On fait pas toujours ce qu'on veut...

... mais on fait ce qu'on peut

C'est ça le truc

On m'a toujours dit : "L.I.M, L.I.M, handek, faut toujours que tu respectes la famille chez oit, la reum et tout."

Moi je leur ai dit : "handek, c'est bon !"

Et pourtant, je l'admets, je l'ai pas toujours fait, kho

Sérieux. Surtout quand tu ramènes des schmits chez toi, tu sais

T'es escorté comme un barjo et tout...

Putain, c'est chaud, kho !

A 9 ans, déjà je squattais dans les halls

Pendant que d'autres jouaient les ninjas, moi je voulais le monopole

Alors j'ai pris des coups par les plus grands que moi

Car contrôler la cour des grands, pour un petit, c'est impossible, crois-moi

Et naïf comme j'étais je voulais devenir bandit

Alors comme mon pote Salif, avec ma mère j'ai eu plein d'ennuis

Quand toc-toc les civils m'escortent et perquiz'

Ca choque choque la famille de savoir que son fils mène une vie grise

De plus je méprise ma scolarité

Evite le couteau et slash sur le pavé hérité

Et toute la journée je squatte sur le même banc

Je vissère les mêmes blancs, les mêmes dé-clan

J'esquive les représentants

De l'ordre qui deviennent photographes

Qui deviennent le facteur des situations les plus graves, c'est naze

Ma mère est tombée sur ma cachette

Quelques billets, 200g, et une trentaine de barrettes

Elle est devenue folle, elle pensait qu'à me flinguer

Et en sortant de l'école j'ai goûté des coups de balais

Et a une morale de dingue

Heureusement pour moi qu'elle n'est pas tombée sur mon flingue

Et là je vois que ses larmes coulent

Que ce drame bouleverse notre vie bien cool

Dans un HLM peut être défavorisé

Mais si j'aurais pris le bon chemin elle aurait été sécurisée

Mais ce n'est pas le cas

Car chaque jour, je suis fracas

Et le matin impossible de me lever de mon tréca

Et le tracas, lui, ne me lâche plus comme un morpion

Même quand je dors ou quand on dit que je suis un champion

Alors tant qu'à faire, frère, on se laisse aller

Faut de la maille donc on arrache les vieilles dans les sombres allées

Sous le regard de la sœur qui rapporte le message

A la mère donc place à l'heure du dressage

Non non alors je ne rentre pas chez moi

S'il le faut pendant des semaines ou plutôt quelques mois

Donc la haine, elle règne et saigne ma vie

De traîneur de rue, dangereuse pour la PJ

J'imagine un autre monde, une autre vie

Où les ondes seront positives à mon avis

Ca n'existe pas, y a toujours quelque chose qui plaît pas

Qui se fera pas ou qui va pas, dans cette vie de rat

Soi-disant faite pour être magnifique

Bsahtek si la tienne frère est chic chic

Clic clic la mienne se charge avant d'exploser

Car faut quitter le large, plutôt faut se ranger

"Je pensais connaître l'amour mais un jour la haine m'a souri"
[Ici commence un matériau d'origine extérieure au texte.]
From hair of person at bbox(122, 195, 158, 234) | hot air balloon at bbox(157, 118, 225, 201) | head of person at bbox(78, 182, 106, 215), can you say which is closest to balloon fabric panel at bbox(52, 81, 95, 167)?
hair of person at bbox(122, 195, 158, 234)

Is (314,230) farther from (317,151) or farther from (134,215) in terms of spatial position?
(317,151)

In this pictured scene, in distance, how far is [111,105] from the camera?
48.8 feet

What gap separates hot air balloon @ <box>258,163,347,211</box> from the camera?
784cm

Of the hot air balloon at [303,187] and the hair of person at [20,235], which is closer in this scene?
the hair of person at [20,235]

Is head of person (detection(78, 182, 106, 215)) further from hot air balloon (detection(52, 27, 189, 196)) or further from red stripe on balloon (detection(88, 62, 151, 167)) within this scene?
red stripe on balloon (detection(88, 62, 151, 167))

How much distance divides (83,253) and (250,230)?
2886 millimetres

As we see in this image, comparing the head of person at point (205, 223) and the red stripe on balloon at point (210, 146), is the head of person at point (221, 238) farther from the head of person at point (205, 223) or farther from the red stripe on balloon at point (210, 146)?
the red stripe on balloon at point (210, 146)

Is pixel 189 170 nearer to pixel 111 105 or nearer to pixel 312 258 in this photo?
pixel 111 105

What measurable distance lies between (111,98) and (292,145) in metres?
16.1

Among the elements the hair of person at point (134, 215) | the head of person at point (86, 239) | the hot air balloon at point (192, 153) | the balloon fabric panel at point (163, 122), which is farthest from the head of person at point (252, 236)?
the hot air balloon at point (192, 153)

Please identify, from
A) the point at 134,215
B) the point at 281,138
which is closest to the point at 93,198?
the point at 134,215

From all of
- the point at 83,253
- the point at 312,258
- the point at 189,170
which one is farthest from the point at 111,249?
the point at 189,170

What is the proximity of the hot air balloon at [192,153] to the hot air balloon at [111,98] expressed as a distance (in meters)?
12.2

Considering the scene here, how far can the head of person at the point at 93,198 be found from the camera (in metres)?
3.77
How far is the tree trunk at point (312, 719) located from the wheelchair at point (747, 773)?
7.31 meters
Même si la rue et son rlah me bercent

Comme un conte perse

Le soir où les schmits se ruent sur mon fond de commerce

Laisse laisse mahliche ils croient que je pèse pèse grâce a cette pute de haschich

Qui dans ma crade niche foncedé les gars et font le genre de manga

Censuré sinon t'es hors la loi

Enfoiré enfoiré

Je fais le mal

Et ça me fait mal au cœur quand je le fais donc j'allume

Un joint comme ceux de Marley

Et rêve que je baise une tass sur une bête de Harley

Vas y coupe le charley

Le pied, la caisse, et la basse

Et laisse la boucle qui me fait penser aux menaces

Que la justice m'a faites

Lors de mon enfance faite

De violence, d'influence, de victoire et de défaite

Dans cette putain de planète

Pourtant je suis loin d'être net

En tant qu'ex dealer de savonnette

Et cette fois-ci je pense et je me dis, si je refaisais ma vie...
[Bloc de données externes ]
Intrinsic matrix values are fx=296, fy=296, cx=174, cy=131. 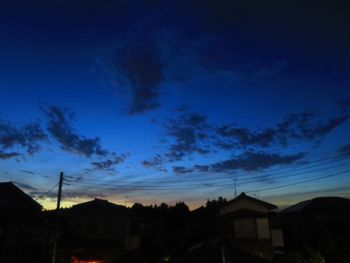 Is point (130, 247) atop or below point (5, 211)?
below

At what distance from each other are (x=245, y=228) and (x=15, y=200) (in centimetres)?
2495

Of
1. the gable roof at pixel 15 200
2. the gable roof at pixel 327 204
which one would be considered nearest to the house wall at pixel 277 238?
the gable roof at pixel 327 204

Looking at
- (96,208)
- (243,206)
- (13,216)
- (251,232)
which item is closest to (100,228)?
(96,208)

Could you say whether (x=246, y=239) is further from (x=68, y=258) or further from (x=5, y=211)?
(x=5, y=211)

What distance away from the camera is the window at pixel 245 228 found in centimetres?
3484

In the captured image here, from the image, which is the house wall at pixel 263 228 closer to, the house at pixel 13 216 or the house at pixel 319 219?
the house at pixel 319 219

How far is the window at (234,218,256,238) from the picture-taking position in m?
34.8

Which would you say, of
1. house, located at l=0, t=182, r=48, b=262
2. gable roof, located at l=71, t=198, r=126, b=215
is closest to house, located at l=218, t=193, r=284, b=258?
gable roof, located at l=71, t=198, r=126, b=215

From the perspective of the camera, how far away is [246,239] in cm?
3459

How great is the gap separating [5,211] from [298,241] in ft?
107

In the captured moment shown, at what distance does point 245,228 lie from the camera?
35.2 meters

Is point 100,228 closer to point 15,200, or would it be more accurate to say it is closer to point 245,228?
point 15,200

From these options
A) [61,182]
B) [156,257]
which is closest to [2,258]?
[61,182]

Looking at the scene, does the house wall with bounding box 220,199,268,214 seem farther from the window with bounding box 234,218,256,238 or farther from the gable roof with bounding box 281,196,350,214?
the gable roof with bounding box 281,196,350,214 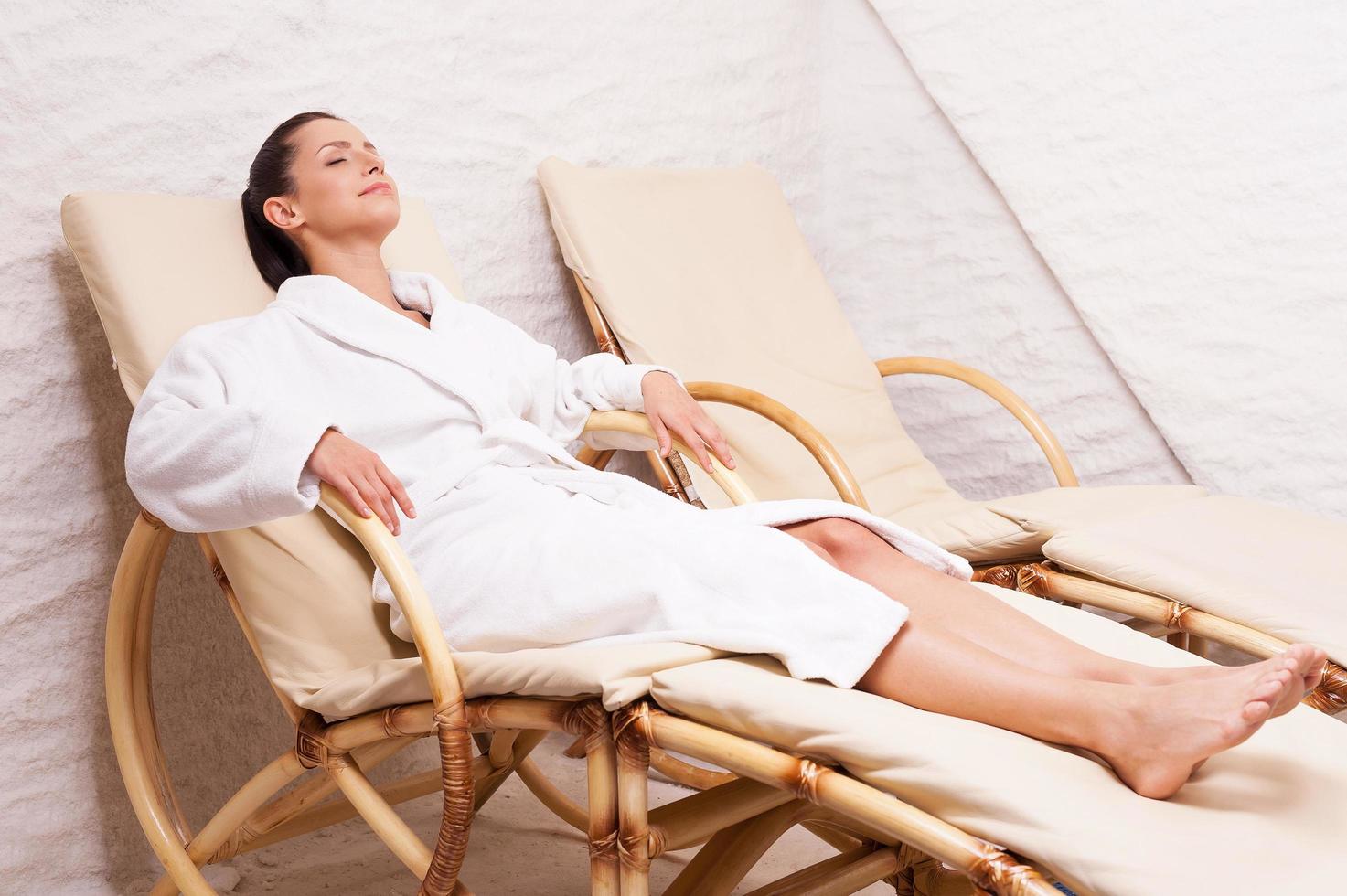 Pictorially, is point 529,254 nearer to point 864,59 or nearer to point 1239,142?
point 864,59

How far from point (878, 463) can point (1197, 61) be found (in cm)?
116

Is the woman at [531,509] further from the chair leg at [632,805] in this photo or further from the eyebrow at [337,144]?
the chair leg at [632,805]

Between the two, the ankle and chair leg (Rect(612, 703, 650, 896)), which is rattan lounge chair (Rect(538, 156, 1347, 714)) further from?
chair leg (Rect(612, 703, 650, 896))

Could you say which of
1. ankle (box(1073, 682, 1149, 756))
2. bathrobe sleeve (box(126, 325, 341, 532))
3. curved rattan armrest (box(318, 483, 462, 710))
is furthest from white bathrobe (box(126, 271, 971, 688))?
ankle (box(1073, 682, 1149, 756))

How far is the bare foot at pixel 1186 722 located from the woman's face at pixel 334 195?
1354 millimetres

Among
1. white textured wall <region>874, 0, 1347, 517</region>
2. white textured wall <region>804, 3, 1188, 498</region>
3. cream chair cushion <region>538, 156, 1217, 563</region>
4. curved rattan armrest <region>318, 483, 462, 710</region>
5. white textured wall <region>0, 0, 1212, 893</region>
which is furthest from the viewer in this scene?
white textured wall <region>804, 3, 1188, 498</region>

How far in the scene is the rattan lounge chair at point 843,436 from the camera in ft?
5.99

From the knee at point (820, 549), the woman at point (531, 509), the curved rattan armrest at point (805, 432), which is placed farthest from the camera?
the curved rattan armrest at point (805, 432)

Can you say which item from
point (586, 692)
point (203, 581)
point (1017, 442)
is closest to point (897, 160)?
point (1017, 442)

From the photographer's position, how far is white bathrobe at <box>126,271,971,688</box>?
135 cm

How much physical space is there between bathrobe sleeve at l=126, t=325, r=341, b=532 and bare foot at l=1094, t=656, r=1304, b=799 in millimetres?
946

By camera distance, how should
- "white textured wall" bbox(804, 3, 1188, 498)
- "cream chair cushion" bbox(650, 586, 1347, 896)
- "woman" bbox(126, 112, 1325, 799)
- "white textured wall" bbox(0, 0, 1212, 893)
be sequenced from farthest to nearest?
"white textured wall" bbox(804, 3, 1188, 498), "white textured wall" bbox(0, 0, 1212, 893), "woman" bbox(126, 112, 1325, 799), "cream chair cushion" bbox(650, 586, 1347, 896)

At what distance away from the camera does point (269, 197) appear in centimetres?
194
Si je devais refaire ma vie

Je lâcherais pas l'école

Je cracherais sur la fume, l'alcool, le vol, l'ami

Et je serais ravi

De dire je t'aime à ma mère

Car au fond de moi je ne suis pas si mauvais que ça, mon frère

Handek, handek, mauvaise guezeleze

"Je pensais connaître l'amour mais un jour la haine m'a souri"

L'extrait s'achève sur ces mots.